Looking at the data in this chart, Winnie the Pooh didn't score much differently than Monsters University which didn't score much differently than the live action version of Beauty and the Beast--but the size of the engaged audience was much different for these films. Beauty and the Beast pulled in over 10 times as much revenue in its opening weekend than Winnie the Pooh did!


Why? Despite being part of a beloved franchise, Winne the Pooh, appeals to a much narrower audience than the vast majority of Disney storylines. A Pooh film can only make so much money, no matter how good it is.

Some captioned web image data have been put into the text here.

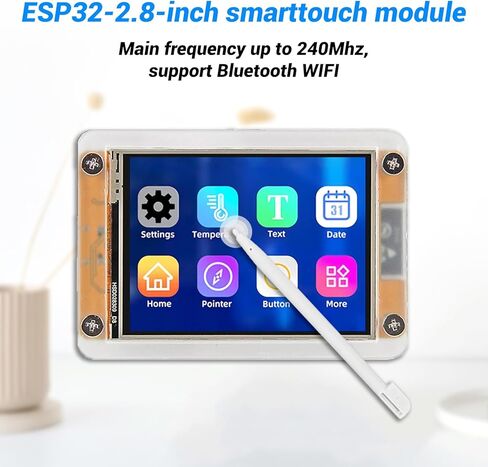 AITRIP 4 Pack 2.8" ESP32 Display ILI9341 Driver with Acrylic Case, 2.8inch ESP32-2432S028R ESP32 Display 240x320 Resistive Touchscreen TFT LCD, ESP32 Development Board for Arduino IDE in Kuwait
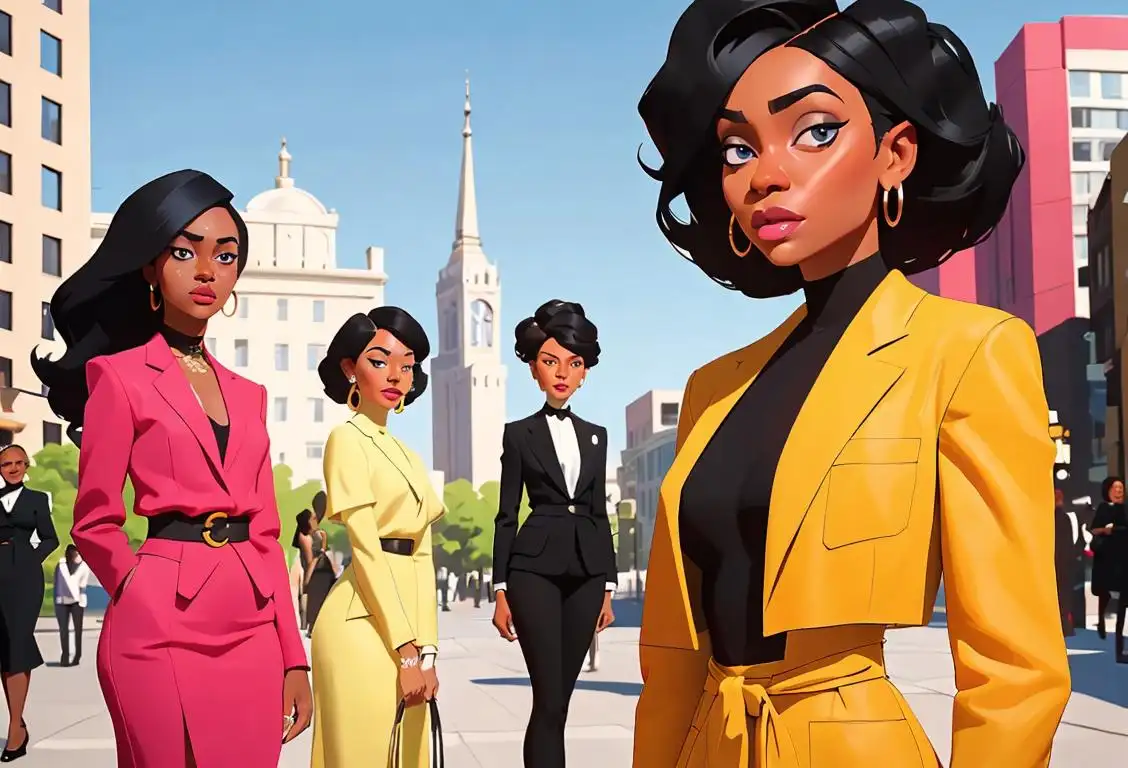 A diverse group of black women standing together, dressed in stylish outfits representing different cultural influences, in a vibrant city setting..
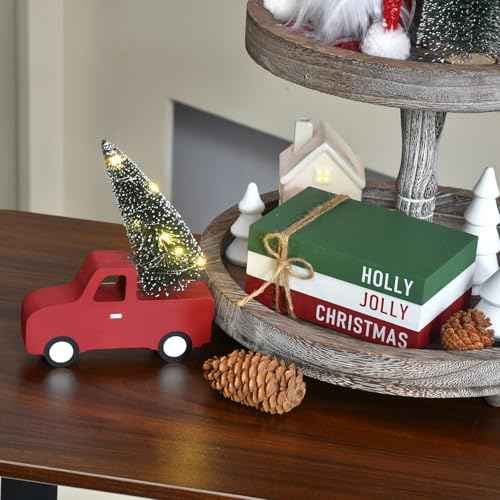 Christmas Decorations for Home, 4pcs Xmas Tiered Tray Decor with Wooden Red Truck, LED Lighted Tree & Book Stack, Rustic Christmas Table Centerpiece for Kitchen, Shelf, Office (4 pcs)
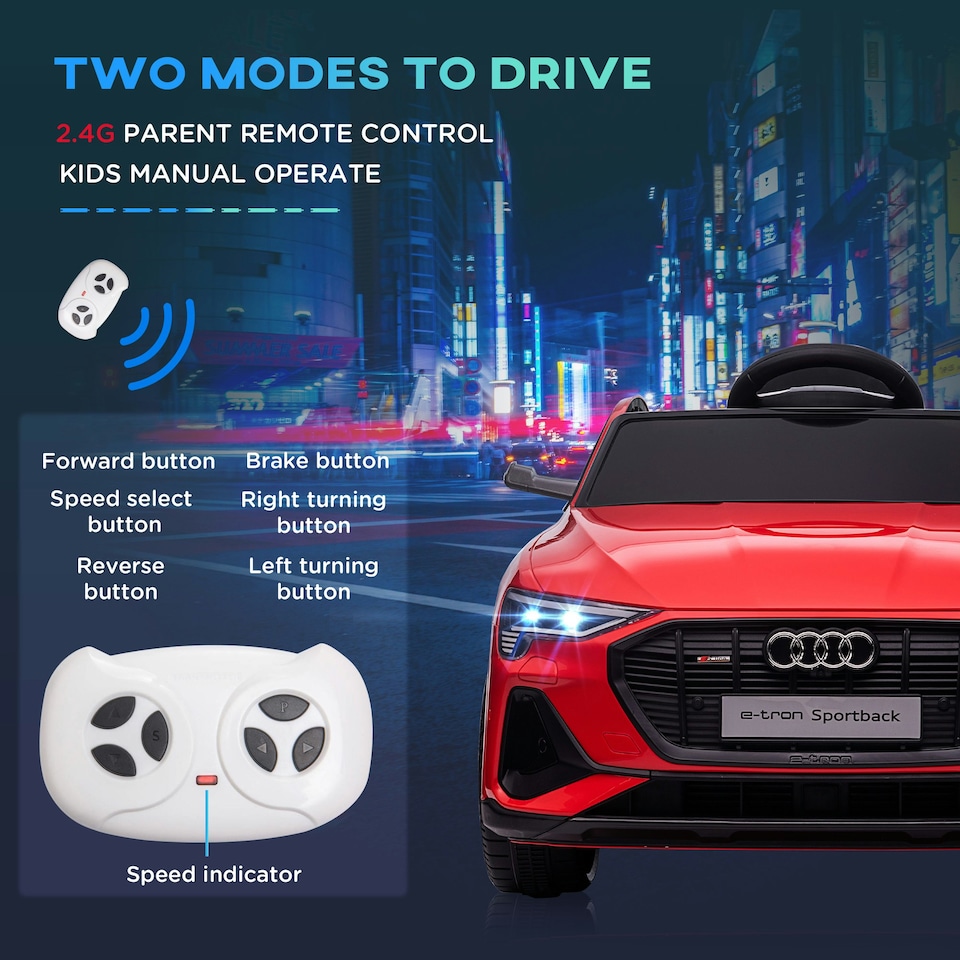 image 1 of HOMCOM 12V Kids Electric Ride-On Car/ w Remote Control, Lights, Music - Red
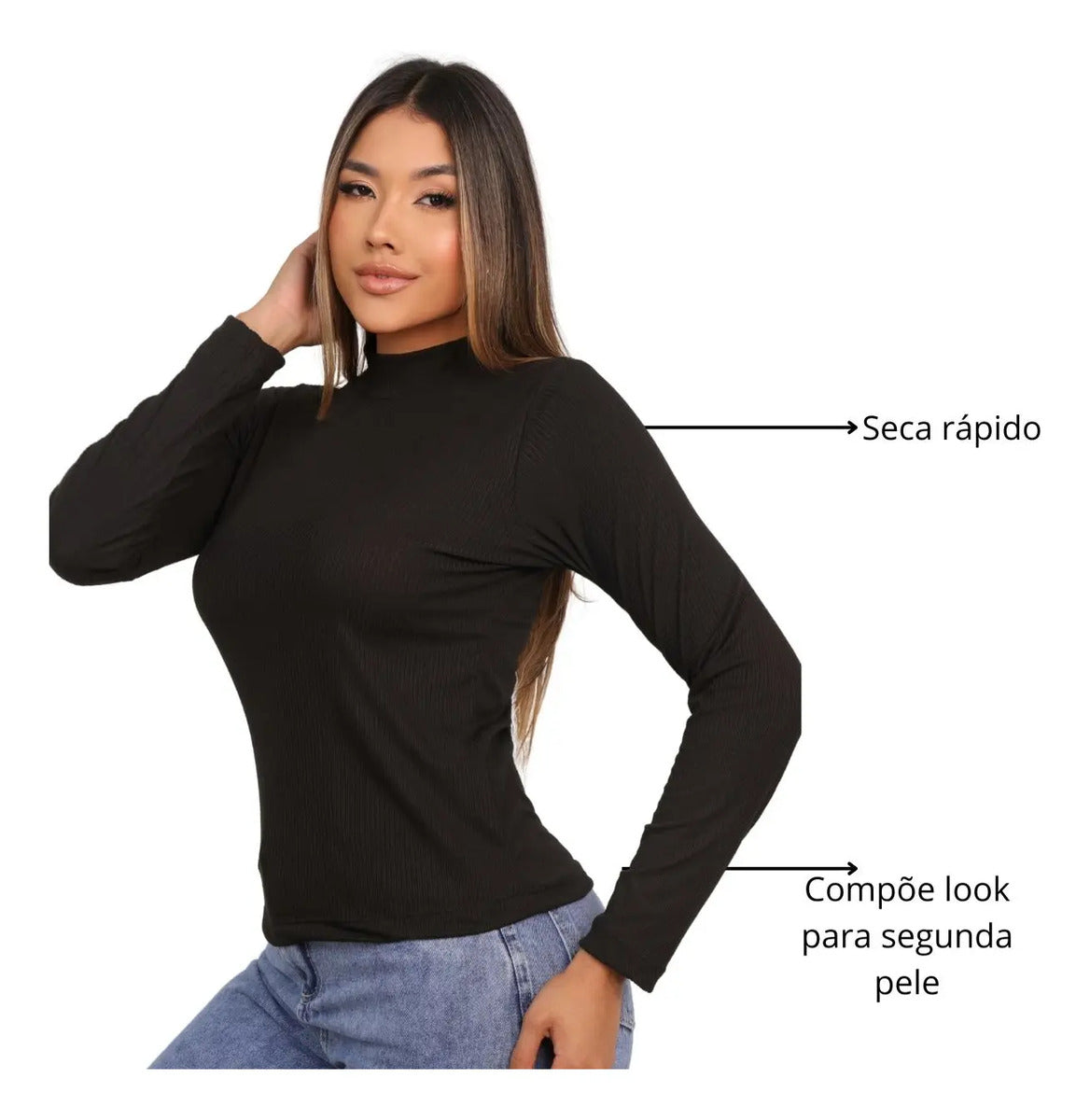 Blusa Feminina Canelada Gola Alta Manga Comprida Cacharrel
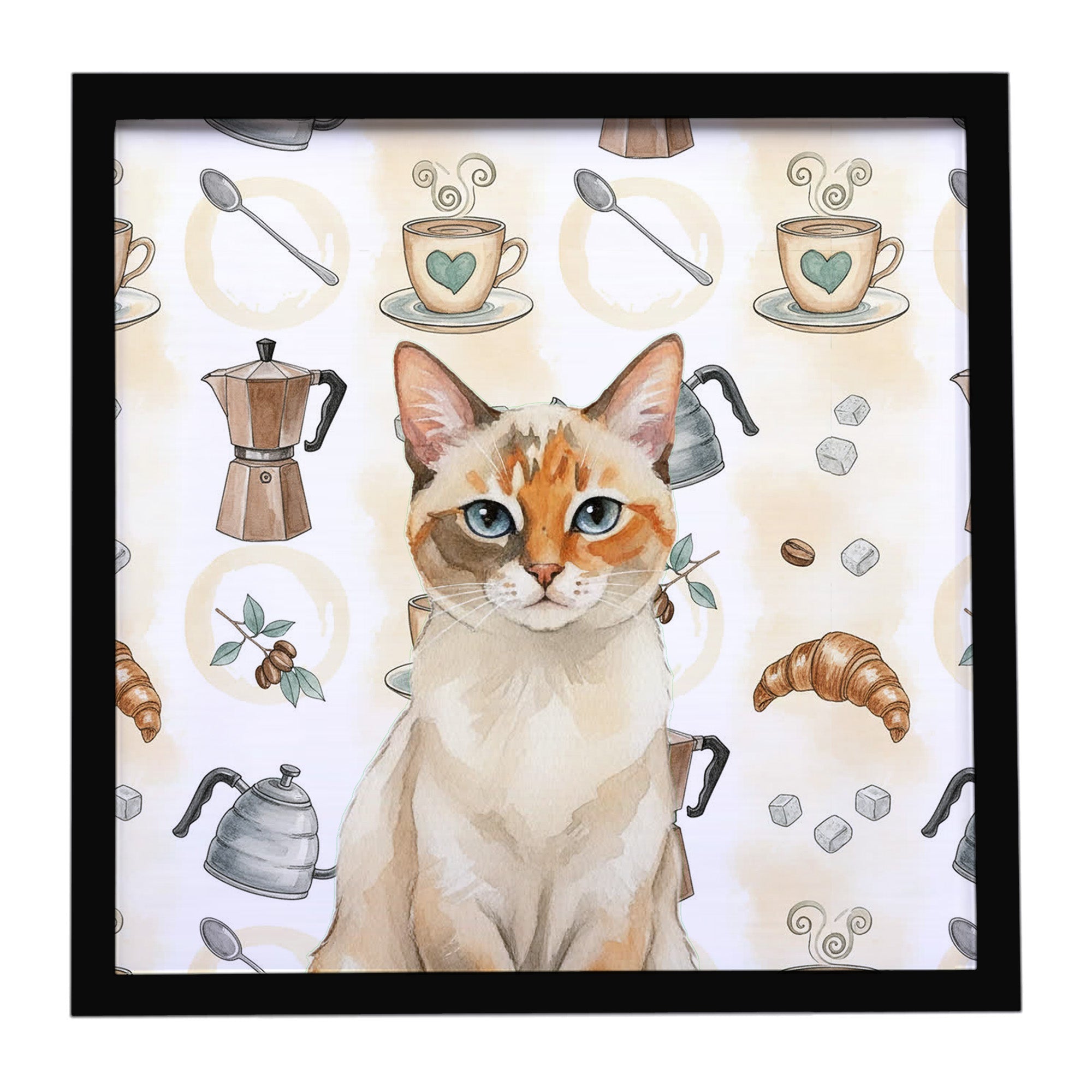 Tortie Point  Cat Coffee Time Framed Metal Print Bathroom, Kitchen, Office, Home Decor Wall Art Ready to Hang, Square, 8X8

As I mentioned above, a point of extra satisfaction can yield an extra $100 million in worldwide receipts, but customer engagement matters even more than that. Data from 32 films are shown in the above two charts: 15 are remakes or sequels, 17 aren’t.


The audience scores for the remake/sequels were 0.19 points lower than the non-sequels. If customer satisfaction dominated, then the sequels would have made slightly less money than the non-sequels, but that’s not the case at all. The sequels made $250 million more per film!


That's why studios produce so many sequels. It’s a lot easier to sell to an audience that’s already engaged with a film’s characters and story than it is to introduce them to a whole new set of characters. Unfortunately, for Disney, over the past couple of years, the opening weekends for its sequels and non-sequels alike have underperformed.


Indiana Jones and the Dial of Destiny, released today, will no doubt continue this trend of underperformance. Its 3-day opening weekend is projected to be just $60 - $77 million. That's significantly below the $100 million earned by the prior installment in 2008 even before adjusting for inflation. I'm sure I'll post more about that over the next few weeks.